Landlords who charge a “pet bond” must make sure it does not equate to more than four weeks’ rent, says Auckland Property Investors Association president David Whitburn.
Pet bonds have been in the news recently, with reports that some landlords in Christchurch’s tight rental market had been asking for bigger bonds and higher rents from those with pets looking for property.
They have been warned that the Tenancy Tribunal would not look upon it favourably.
But Independent Property Managers' Association president Martin Evans told media that Christchurch pet owners were having a hard time because even people who had never expected to become tenants again had been forced back into the rental market.
He had approached the Government to ask for a temporary reprieve to allow pet bonds until the housing supply constraints in the city ease.
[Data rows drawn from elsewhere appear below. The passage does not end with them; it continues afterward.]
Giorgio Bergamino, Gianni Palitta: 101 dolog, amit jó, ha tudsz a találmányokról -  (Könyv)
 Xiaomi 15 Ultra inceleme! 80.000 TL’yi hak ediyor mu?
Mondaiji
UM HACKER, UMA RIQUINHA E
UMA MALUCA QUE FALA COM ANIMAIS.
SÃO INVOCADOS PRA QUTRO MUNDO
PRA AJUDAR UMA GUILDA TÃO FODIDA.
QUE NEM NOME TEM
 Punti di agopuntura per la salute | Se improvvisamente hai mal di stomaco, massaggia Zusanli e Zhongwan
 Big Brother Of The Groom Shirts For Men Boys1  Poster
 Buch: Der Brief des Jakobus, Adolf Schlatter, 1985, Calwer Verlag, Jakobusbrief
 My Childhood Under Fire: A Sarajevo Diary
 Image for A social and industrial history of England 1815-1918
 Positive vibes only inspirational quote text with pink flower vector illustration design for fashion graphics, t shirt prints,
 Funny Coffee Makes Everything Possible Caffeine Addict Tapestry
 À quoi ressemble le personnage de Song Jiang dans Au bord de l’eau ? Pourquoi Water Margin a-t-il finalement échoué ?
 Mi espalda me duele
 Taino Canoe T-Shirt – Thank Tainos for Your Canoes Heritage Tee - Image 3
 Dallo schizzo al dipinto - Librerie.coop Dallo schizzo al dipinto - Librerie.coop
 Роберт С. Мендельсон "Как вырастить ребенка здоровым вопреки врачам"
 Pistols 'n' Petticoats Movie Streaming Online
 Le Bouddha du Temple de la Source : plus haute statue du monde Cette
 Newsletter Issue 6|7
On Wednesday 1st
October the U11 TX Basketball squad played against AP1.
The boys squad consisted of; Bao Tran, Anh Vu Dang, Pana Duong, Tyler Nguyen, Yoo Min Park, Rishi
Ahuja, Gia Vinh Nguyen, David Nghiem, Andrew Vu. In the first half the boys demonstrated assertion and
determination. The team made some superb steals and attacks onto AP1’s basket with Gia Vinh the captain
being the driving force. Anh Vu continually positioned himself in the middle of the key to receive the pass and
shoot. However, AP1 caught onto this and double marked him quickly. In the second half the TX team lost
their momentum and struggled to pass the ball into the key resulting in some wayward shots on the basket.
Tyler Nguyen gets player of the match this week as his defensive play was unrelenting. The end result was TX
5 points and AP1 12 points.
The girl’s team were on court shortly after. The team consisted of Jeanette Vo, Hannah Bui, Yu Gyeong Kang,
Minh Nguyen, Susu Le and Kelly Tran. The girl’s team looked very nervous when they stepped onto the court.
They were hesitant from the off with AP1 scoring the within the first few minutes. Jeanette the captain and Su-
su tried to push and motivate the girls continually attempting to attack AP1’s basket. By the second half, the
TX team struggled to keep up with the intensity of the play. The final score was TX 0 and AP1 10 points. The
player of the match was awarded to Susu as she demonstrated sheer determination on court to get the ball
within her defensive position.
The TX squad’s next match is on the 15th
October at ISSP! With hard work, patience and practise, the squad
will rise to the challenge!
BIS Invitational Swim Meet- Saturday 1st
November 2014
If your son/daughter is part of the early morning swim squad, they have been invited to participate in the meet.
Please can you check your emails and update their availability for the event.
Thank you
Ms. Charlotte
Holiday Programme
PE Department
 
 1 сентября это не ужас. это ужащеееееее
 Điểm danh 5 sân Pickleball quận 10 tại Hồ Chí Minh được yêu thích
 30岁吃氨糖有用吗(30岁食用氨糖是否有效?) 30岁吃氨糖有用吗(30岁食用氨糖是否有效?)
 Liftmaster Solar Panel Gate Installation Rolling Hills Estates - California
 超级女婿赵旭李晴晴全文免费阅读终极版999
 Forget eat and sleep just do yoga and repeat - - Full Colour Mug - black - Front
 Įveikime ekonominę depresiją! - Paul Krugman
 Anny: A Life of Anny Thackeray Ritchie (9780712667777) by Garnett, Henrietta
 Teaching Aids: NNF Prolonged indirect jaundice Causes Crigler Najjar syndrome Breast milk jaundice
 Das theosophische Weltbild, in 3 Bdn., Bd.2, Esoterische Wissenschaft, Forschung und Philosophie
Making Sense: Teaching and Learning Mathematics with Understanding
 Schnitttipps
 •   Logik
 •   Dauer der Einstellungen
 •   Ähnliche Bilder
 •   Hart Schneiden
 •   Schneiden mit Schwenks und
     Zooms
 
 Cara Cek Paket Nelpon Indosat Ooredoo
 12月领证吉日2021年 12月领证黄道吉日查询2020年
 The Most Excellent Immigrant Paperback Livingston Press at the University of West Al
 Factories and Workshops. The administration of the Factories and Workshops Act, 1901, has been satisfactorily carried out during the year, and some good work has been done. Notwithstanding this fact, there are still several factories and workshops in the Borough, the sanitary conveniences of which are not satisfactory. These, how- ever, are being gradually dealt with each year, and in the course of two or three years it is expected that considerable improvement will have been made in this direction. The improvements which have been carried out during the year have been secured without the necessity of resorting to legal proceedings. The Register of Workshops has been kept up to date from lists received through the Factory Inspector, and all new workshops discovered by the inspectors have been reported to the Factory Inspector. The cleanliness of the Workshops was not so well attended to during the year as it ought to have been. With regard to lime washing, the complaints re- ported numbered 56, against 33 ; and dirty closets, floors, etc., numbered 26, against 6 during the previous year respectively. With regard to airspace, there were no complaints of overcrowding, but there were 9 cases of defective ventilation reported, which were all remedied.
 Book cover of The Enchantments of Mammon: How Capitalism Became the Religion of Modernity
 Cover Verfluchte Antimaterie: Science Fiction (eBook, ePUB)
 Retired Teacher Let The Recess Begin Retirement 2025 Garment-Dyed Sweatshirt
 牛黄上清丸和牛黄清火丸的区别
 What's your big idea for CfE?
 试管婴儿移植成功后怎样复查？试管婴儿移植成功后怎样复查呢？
The Government said it was not something it was seriously looking at.
Whitburn said landlords taking on tenants with animals should charge them the full four weeks’ bond. “Even if the tenants have to pay the bond in instalments.”
Legally, four weeks’ rent as bond and two weeks’ rent in advance was the most landlords could charge, he said. “Perhaps some landlords may be naughty and charge [more],” he said. “Hope not!”
But he said would-be tenants should be prepared to pay more in rent if they wanted to have animals, because there was a smaller pool of landlords who were prepared to consider them.